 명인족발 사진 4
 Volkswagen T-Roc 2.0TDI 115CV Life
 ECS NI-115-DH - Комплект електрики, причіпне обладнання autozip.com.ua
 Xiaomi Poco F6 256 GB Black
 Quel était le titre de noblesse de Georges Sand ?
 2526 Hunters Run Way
================
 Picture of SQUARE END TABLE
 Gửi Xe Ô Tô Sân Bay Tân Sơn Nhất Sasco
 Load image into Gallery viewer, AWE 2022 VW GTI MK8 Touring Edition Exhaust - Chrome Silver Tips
================
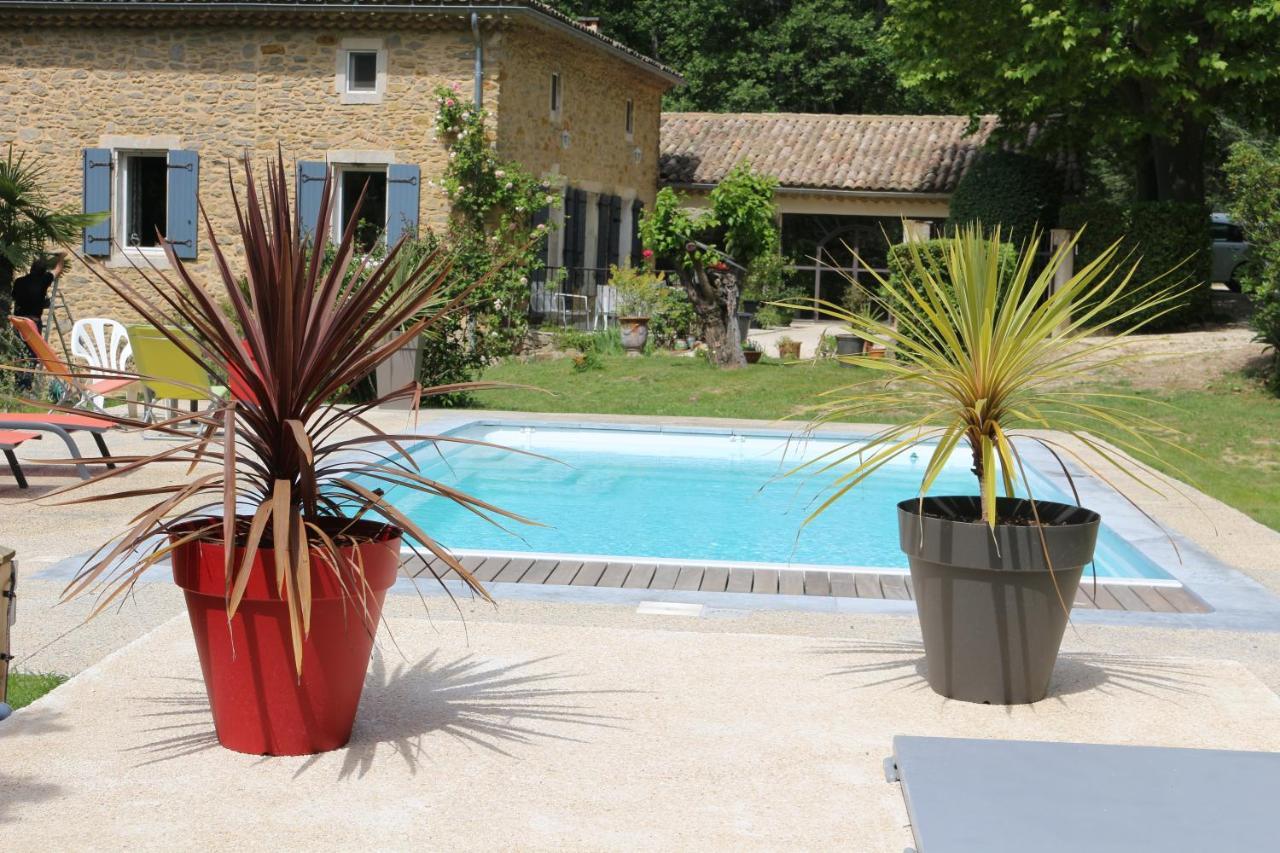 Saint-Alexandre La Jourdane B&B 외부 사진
================
## What needs to be done
Return exactly, and only, the lines above starting at the line that contains "Volkswagen T-Roc 2.0TDI 115CV Life" and ending at the line that contains "2526 Hunters Run Way".

## Response to the task
 Volkswagen T-Roc 2.0TDI 115CV Life
 ECS NI-115-DH - Комплект електрики, причіпне обладнання autozip.com.ua
 Xiaomi Poco F6 256 GB Black
 Quel était le titre de noblesse de Georges Sand ?
 2526 Hunters Run Way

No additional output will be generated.